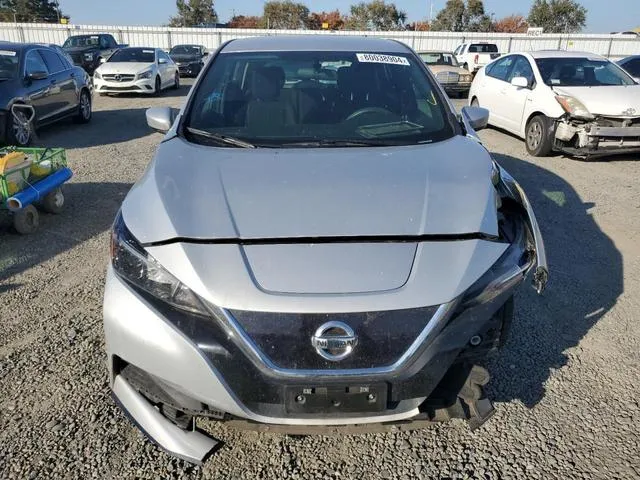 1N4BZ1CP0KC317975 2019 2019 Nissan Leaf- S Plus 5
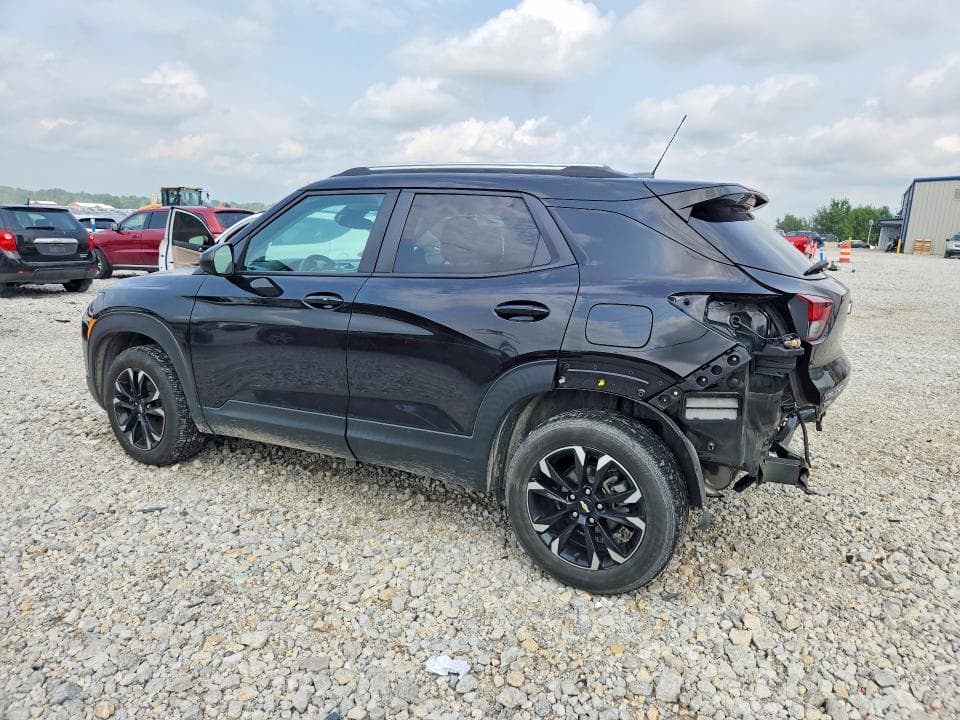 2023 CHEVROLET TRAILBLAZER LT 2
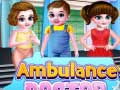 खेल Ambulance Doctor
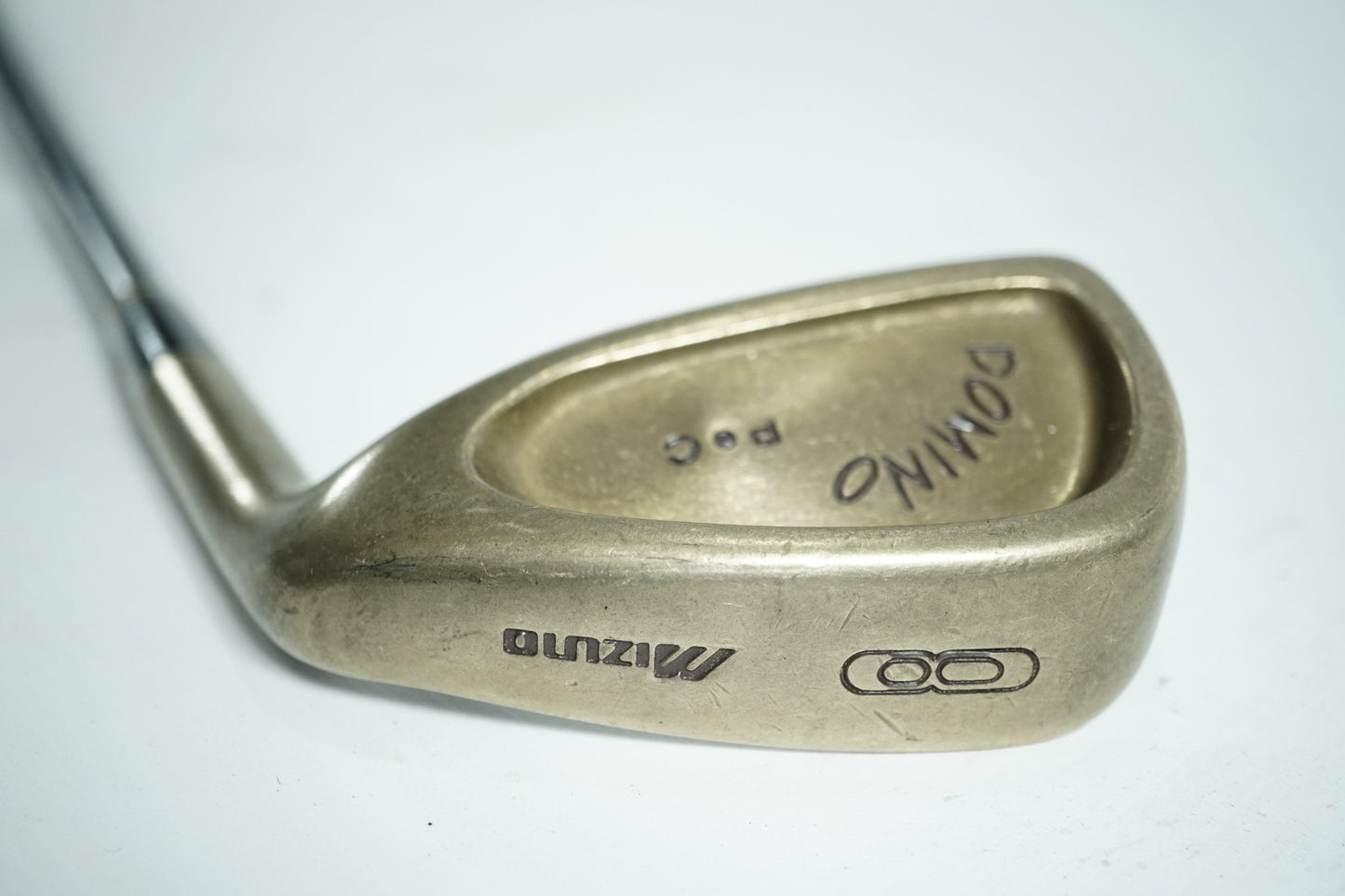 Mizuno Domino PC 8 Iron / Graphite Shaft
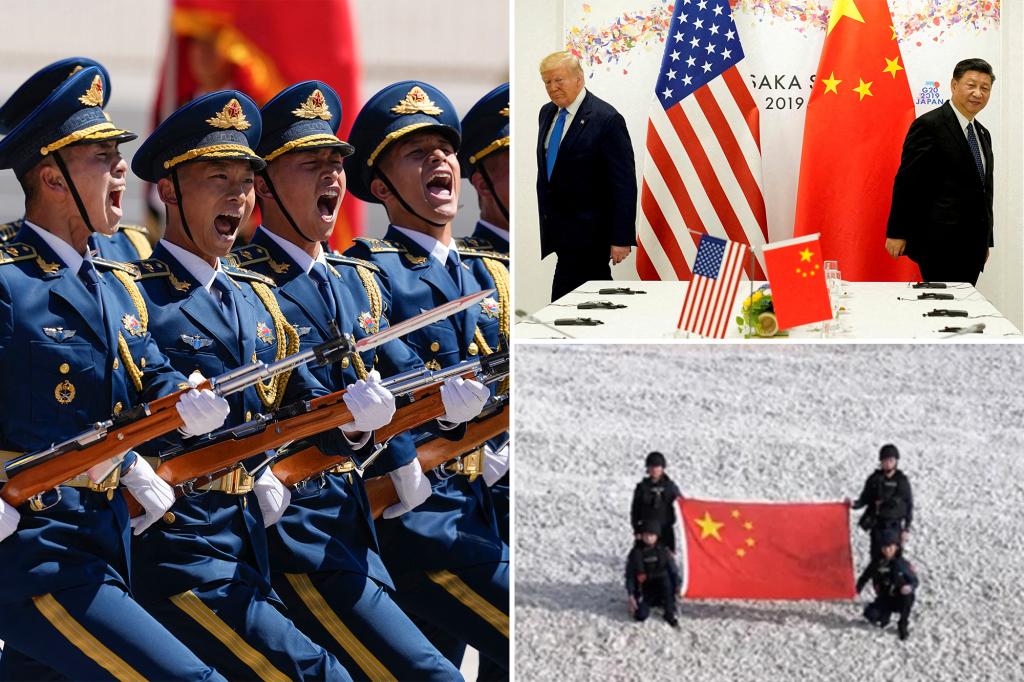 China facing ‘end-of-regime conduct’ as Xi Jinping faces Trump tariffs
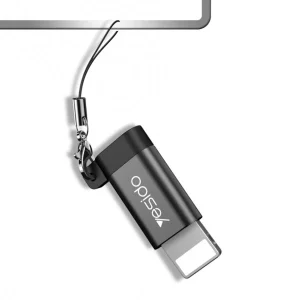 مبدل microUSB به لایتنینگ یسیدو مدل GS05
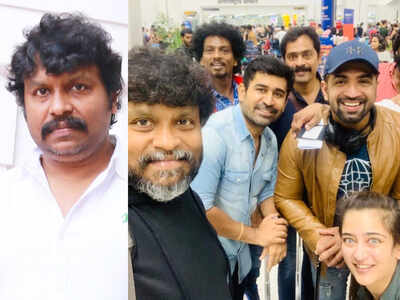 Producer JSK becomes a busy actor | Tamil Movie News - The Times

▬▬▬▬▬▬▬▬▬▬

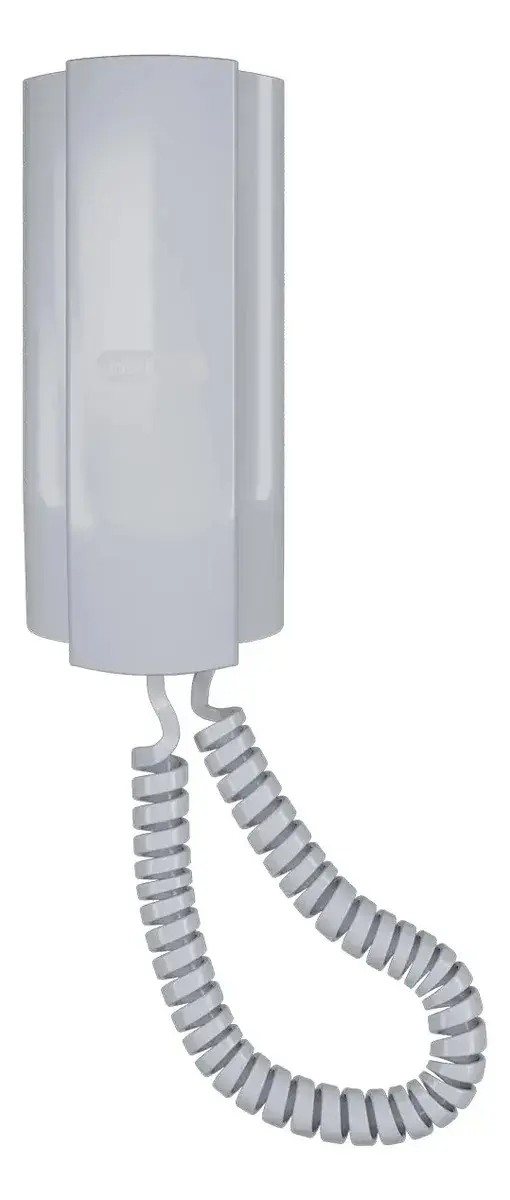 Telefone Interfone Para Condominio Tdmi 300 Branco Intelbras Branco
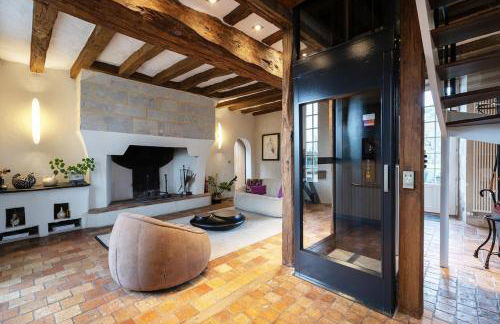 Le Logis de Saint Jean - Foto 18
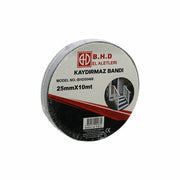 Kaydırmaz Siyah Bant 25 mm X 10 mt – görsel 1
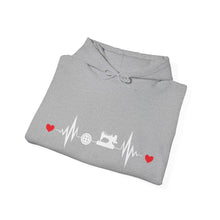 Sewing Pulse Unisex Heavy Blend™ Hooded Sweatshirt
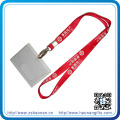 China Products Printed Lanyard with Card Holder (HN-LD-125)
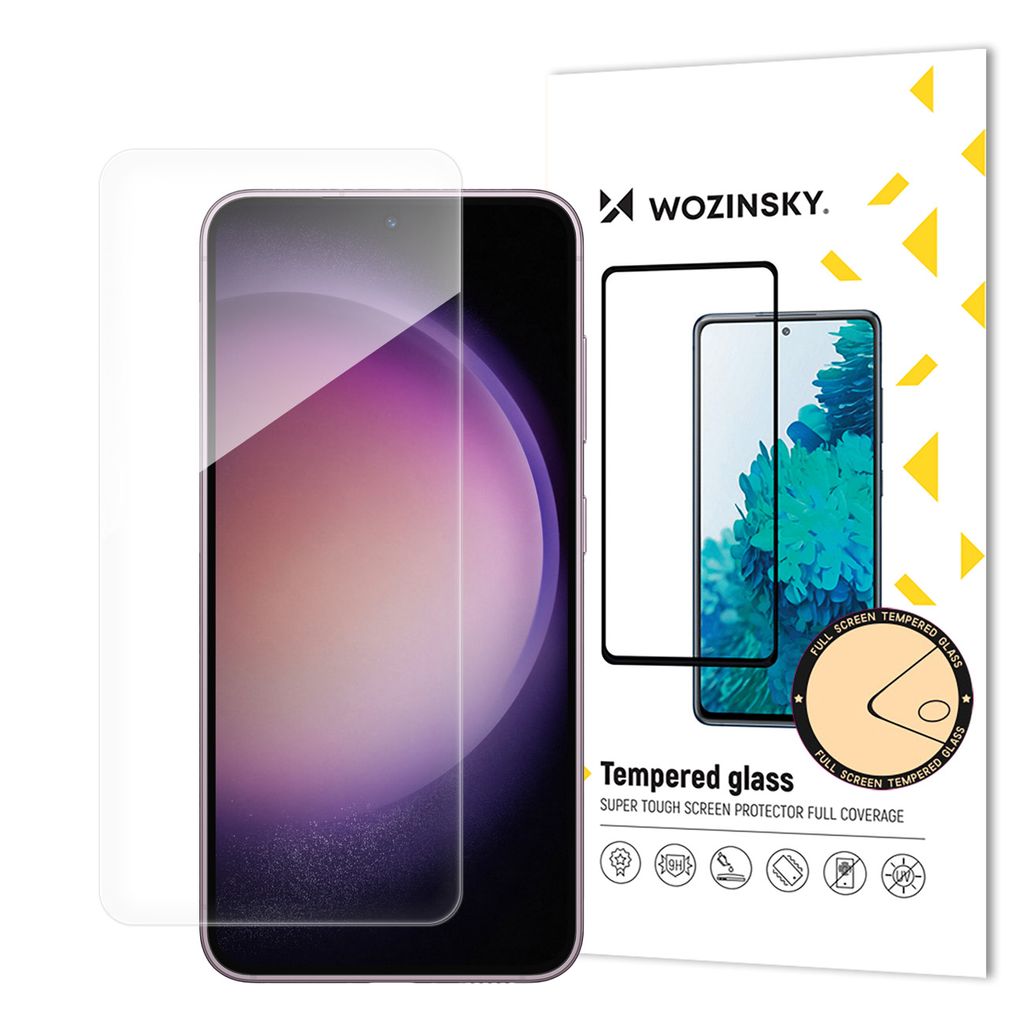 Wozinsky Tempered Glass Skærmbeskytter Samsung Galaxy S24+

▬▬▬▬▬▬▬▬▬▬

__TASK__
When you reach the line containing "2023 CHEVROLET TRAILBLAZER LT 2" in the entries above, begin restating word for word, and stop once the line containing "Producer JSK becomes" has been given. Omit the pictures.

__RESPONSE BOX__
 2023 CHEVROLET TRAILBLAZER LT 2
 खेल Ambulance Doctor
 Mizuno Domino PC 8 Iron / Graphite Shaft
 China facing ‘end-of-regime conduct’ as Xi Jinping faces Trump tariffs
 مبدل microUSB به لایتنینگ یسیدو مدل GS05
 Producer JSK becomes a busy actor | Tamil Movie News - The Times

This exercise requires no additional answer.